- Description of the task
Look below for the line with "BİLECİK MERKEZDE EMSALSİZ". Retype it and every line after it to the end, exactly, but leave out the pictures.
═════ Study material
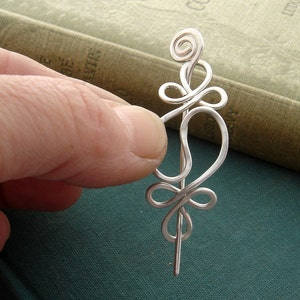Little Yin Yang Harmony Sjalnål i sterlingsilver, halsduksnål, tröjbrosch, stickargåva för kvinnor spetssjalnål, koftaklämma bild 3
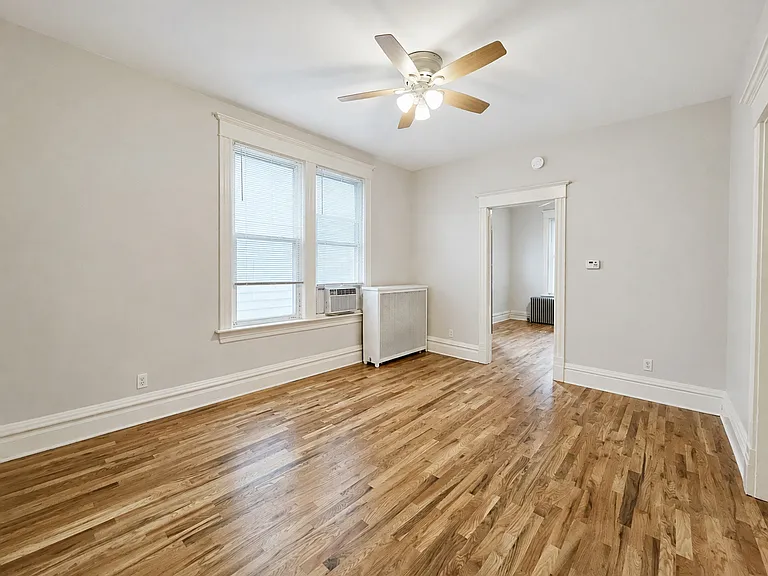 3722 N Bosworth Ave #1R — Photo 7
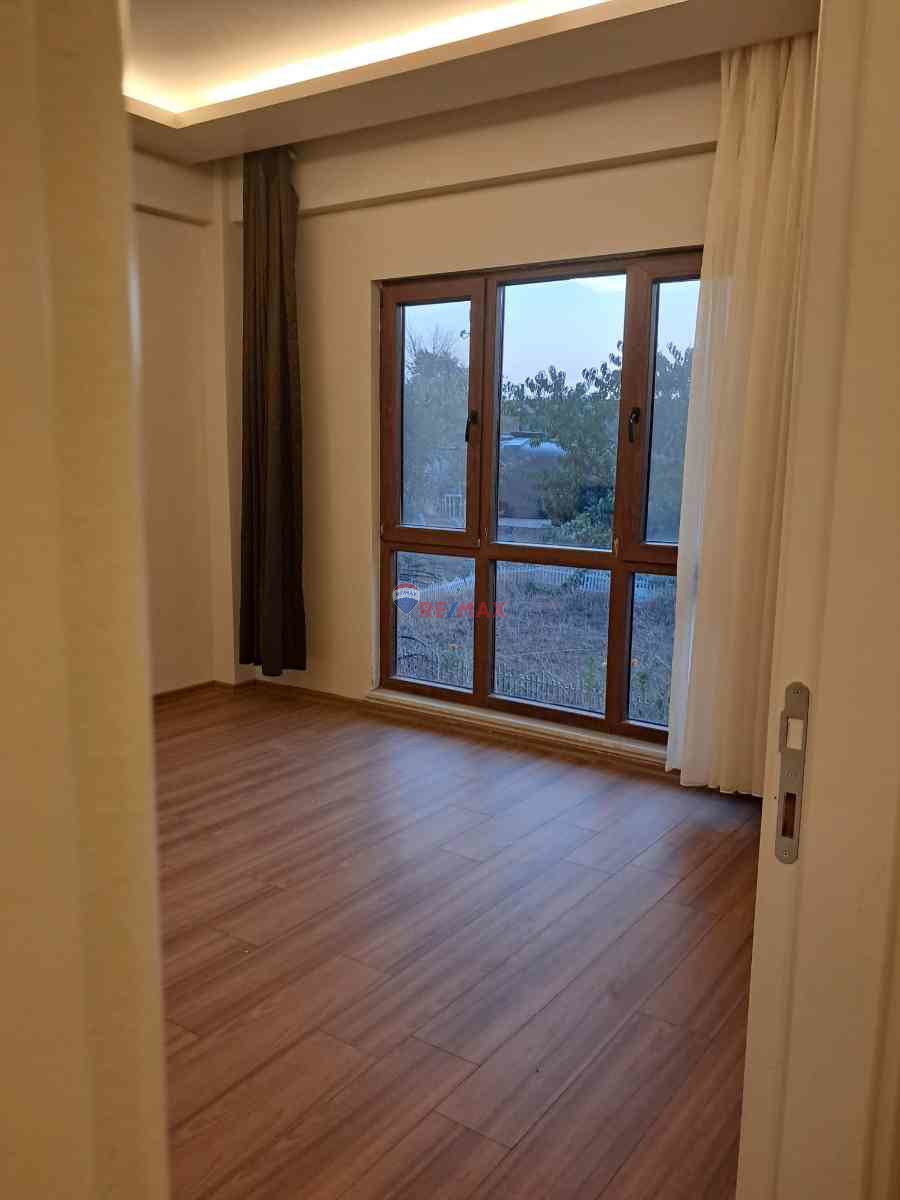 BİLECİK MERKEZDE EMSALSİZ SATILIK 5+1 HAVUZLU VİLLA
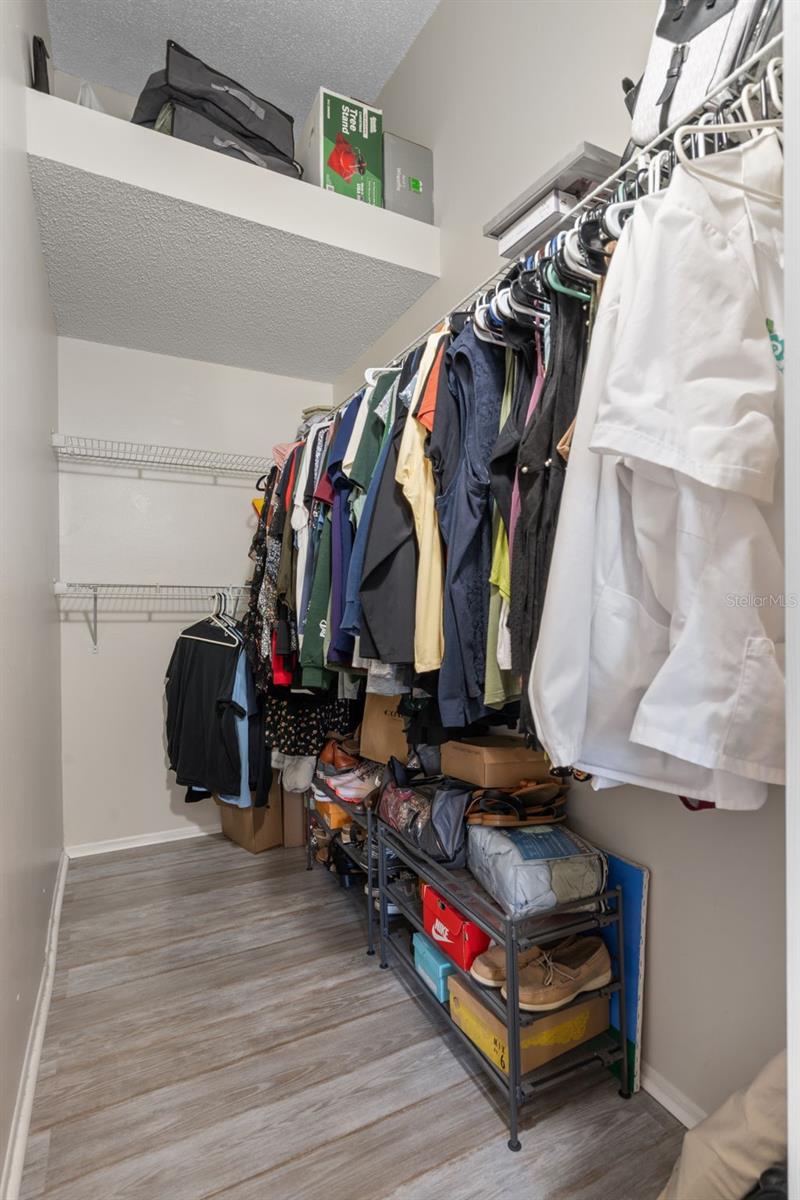 NORTH OAKS CONDO VII - Residential Lease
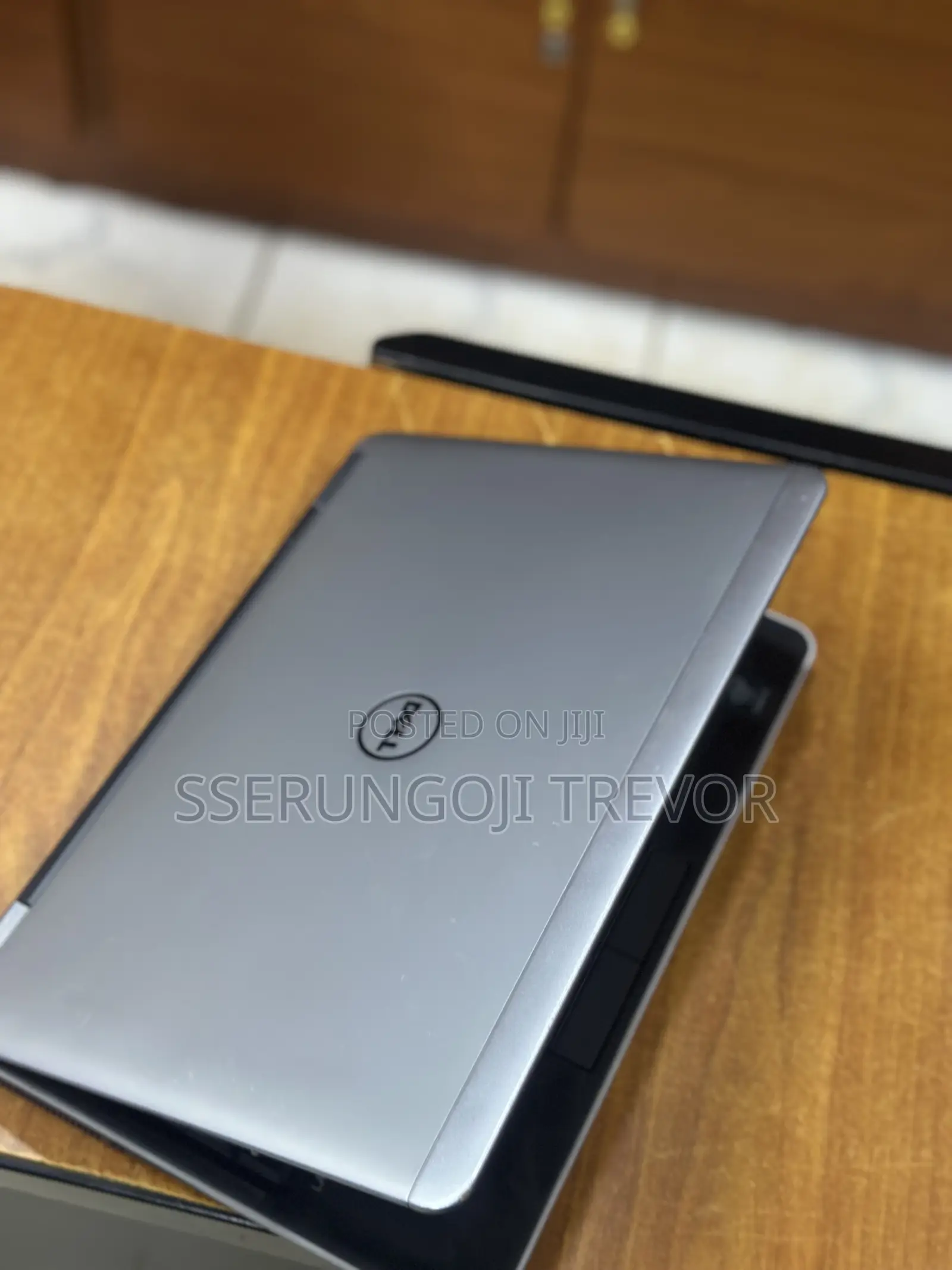 Laptop Dell Latitude 7400 8GB Intel Core I5 SSD 256GB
══════════
- Result for this exercise
 BİLECİK MERKEZDE EMSALSİZ SATILIK 5+1 HAVUZLU VİLLA
 NORTH OAKS CONDO VII - Residential Lease
 Laptop Dell Latitude 7400 8GB Intel Core I5 SSD 256GB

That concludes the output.